Die dramatischen weltweiten Veränderungen der Korallenriffe sind für die meisten Menschen nicht nachvollziehbar, weil sie sie nie zu Gesicht bekommen. Aber sie sind ein ziemlich präziser  Indikator für den Zustand der Welt. Ein junger Franzose, der mit uns unterwegs war, fand das, was von den Riffen der Malediven übrig ist, ganz toll, weil er nicht weiß, wie dass noch vor 25 Jahren ausgesehen hat. Meine Freunde die mit mir, seit bald 30 Jahren tauchen, haben den Ernst der Lage begriffen. Wir stehen direkt am Abgrund und nirgendwo, in keinem heiligen Buch, ist die Rede davon, dass die menschliche Art eine Garantie für oder einen Anspruch auf ihr Überleben hat. Auch wenn sie das derzeit noch zu glauben scheint.

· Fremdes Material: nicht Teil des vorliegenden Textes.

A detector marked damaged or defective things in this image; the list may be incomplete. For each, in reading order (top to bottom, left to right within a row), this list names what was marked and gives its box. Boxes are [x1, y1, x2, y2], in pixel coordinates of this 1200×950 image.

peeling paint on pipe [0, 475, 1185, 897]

* El Nino: Zwischen einem Hochdruckgebiet vor der Westküste Südamerikas und einem Tiefdruckgebiet vor der Ostküste Australiens zirkulieren in bestimmten Richtungen Winde, die sogenannten Passatwinde. Je nach Stärke des jeweiligen Druckausgleichs entstehen unterschiedliche Windgeschwindigkeiten. Parallel dazu kreisen kalte und warme Meeresströmungen. Die kalte Meeresströmung aus dem Süden wird Humboldtstrom genannt. Sie sorgt für ein ausgeglichenes Klima im Meer.

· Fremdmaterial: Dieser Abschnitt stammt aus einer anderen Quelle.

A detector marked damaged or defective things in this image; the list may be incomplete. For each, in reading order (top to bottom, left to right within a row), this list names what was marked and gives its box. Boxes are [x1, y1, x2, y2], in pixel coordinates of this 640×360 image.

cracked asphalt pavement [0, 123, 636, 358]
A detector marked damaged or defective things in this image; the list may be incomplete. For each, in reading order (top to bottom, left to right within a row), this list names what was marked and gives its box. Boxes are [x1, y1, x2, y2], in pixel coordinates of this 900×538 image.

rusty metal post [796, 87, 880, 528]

In einem El-Niño-Jahr bricht das Hoch zusammen. Dies geschieht immer im Südsommer, der heißesten Jahreszeit, und die ist auf der Südhalbkugel stets zur Weihnachtszeit. Durch den Zusammenbruch geraten die Winde außer Kontrolle und blasen teilweise mit erheblichen Geschwindigkeiten in entgegengesetzte Richtungen. Dadurch verändern sich auch die Meeresströmungen. Der Humboldtstrom wird abgeleitet und das Meer erwärmt sich mehr und mehr. Plankton und andere Meerestiere verenden.